Vous nichez toujours par ici ou vous changez d’endroit ?
- Tant que j’ai de la nourriture et que le climat est
doux, je peux rester au même endroit. En revanche, il m’arrive régulièrement de
m’envoler pour aller plus au Sud, trouver d’autres sources ou pour retrouver
d’autres de mes congénères pour nous reproduire.
- A côté de chez moi, en pleine ville, il y a un petit
bassin, rempli de grenouilles au printemps et j’y vois souvent un de vos
semblables venir nicher dans un grand pin tout à côté.
- Oui, cela nous arrive. Nous n’avons pas peur des
humains ou de la ville.
- Et vous êtes toujours seuls, comme maintenant ?
- Oui, le plus souvent. Nous aimons bien cela. Notre
mode de pêche est très spécial et si nous étions trop nombreux au même endroit,
le résultat serait beaucoup moins efficace.
- Oui, mais d’autres espèces, comme les flamands roses,
par exemple, vivent toujours en groupe ?
- Oui, en effet, fit le héron, perplexe. Je ne sais pas
pourquoi les flamands se comportent comme cela. Je sais que, pour moi en tous
cas, rester seul est quelque chose que j’apprécie. Le sentiment de liberté est
tellement supérieur à celui de solitude !
Après
tout, à part lui-même, qu’était-il venu chercher sur ce chemin perdu, seul au
milieu du monde et en dehors du monde, au cœur de la nature, au cœur de
lui-même? La marche lui procurait ce bien-être ; se retrouver face à soi.
Pas de masque, pas de rôle, juste soi face au monde, le petit monde du
« petit » - petits insectes, petits brins d’herbe, petites aiguilles
de pin, petits cailloux- et le grand monde du « grand », grands
espaces, grands mouvements, grandes transformations. La marche exacerbait cet
écart entre grand et petit, modifiait l’émotion associée à ce décalage de perspective.

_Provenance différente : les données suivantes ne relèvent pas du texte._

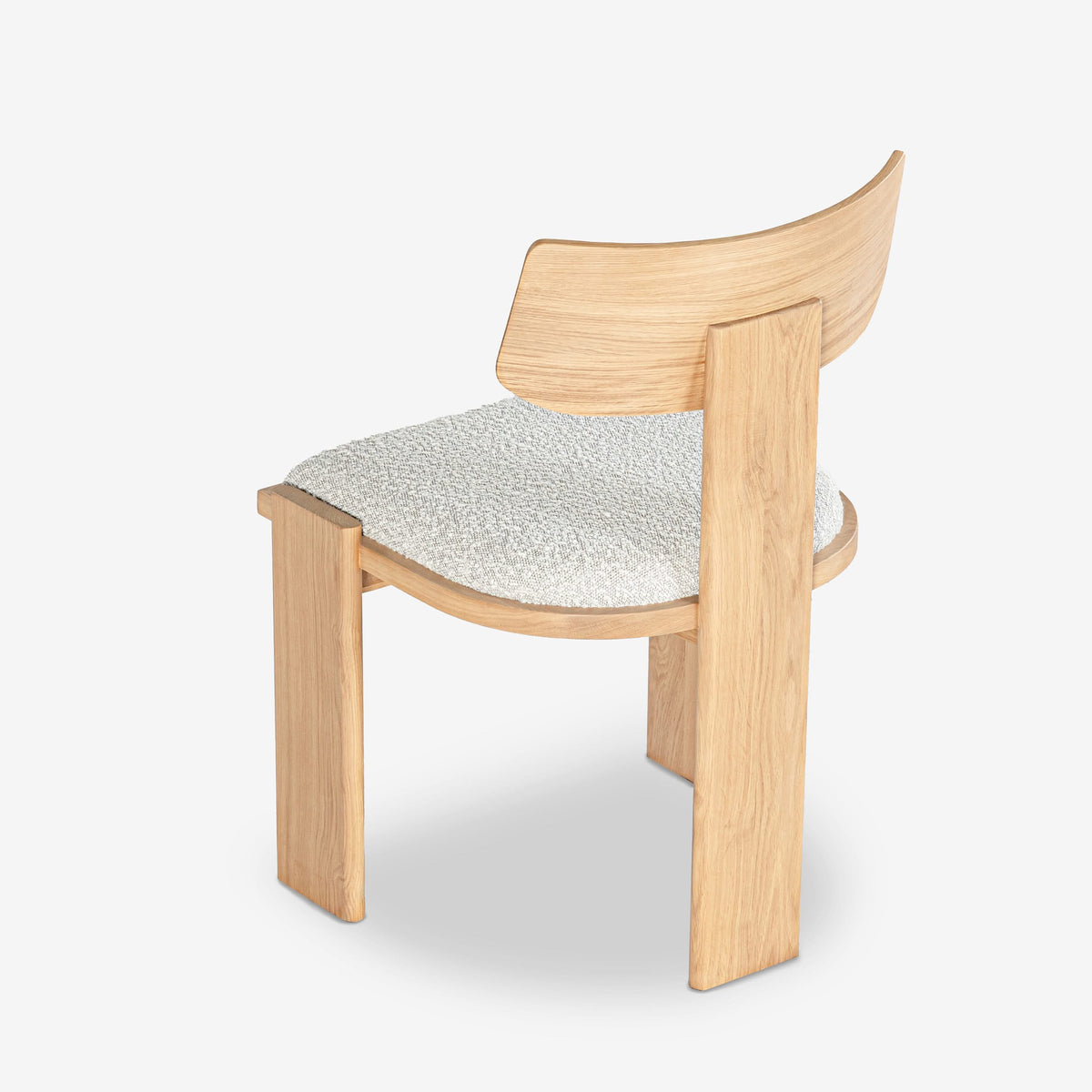 Wooden chair with a textured seat on a white background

L’œil et tous les sens étaient en permanence stimulés par de l’infiniment petit
et de l’infiniment grand. Le voyageur se souvint de profondes émotions
ressenties en découvrant un cirque fabuleux de montagnes hautes de plus de six
mille mètres ; se voir au cœur d’une telle immensité c’est se savoir
appartenir à une immensité plus grande encore. La sensation d’être une
minuscule particule vivante n’empêche bizarrement pas le sentiment de puissance
- au sens de « pouvoir quelque chose » - sur cette immensité qui ne
nous submerge pas mais nous embrasse.
Se
retrouver : expression bizarre ! Comme si nous nous étions
perdus ?! Pourquoi éprouvons-nous le besoin de « nous
retrouver » ? Nous perdons-nous régulièrement pour éprouver le
plaisir de retrouver ce « vieil ami perdu » ? Surement. En tous
cas, le héron avait bien raison. Lui, le voyageur, s’épanouissait pleinement
dans ces moments de solitude où, caché du monde, il avançait sur la surface de
ce globe, pour aller vers nulle part, pour seulement avancer, pour aller à la
rencontre de lui-même. Mais, bon, le voyageur pensa qu’il pourrait tout aussi
bien le faire autrement. Alors pourquoi mettre tant d’énergie dans la
préparation de ses périples lointains, tout ça pour se retrouver seul face à
lui-même ?
Un peu perdu dans ses pensées, le voyageur n’avait pas vu
le jour baisser. Il se reprit et dit au héron.
- Merci beaucoup pour cet échange. Je m’interrogeais
justement sur ce que je venais chercher dans mes marches solitaires. Vous me
l’avez permis et je vous en remercie.
- Merci à vous. Vous m’avez appris des choses. Et puis,
on ne rencontre pas tous les jours un humain qui veut bien parler à un héron …
- Je n’avais pas vu les choses comme cela mais vous avez
raison : pour parler à un héron, il faut d’abord le vouloir, fit le
voyageur en souriant.
Alors,
le héron s’envola lourdement pour rejoindre son nid."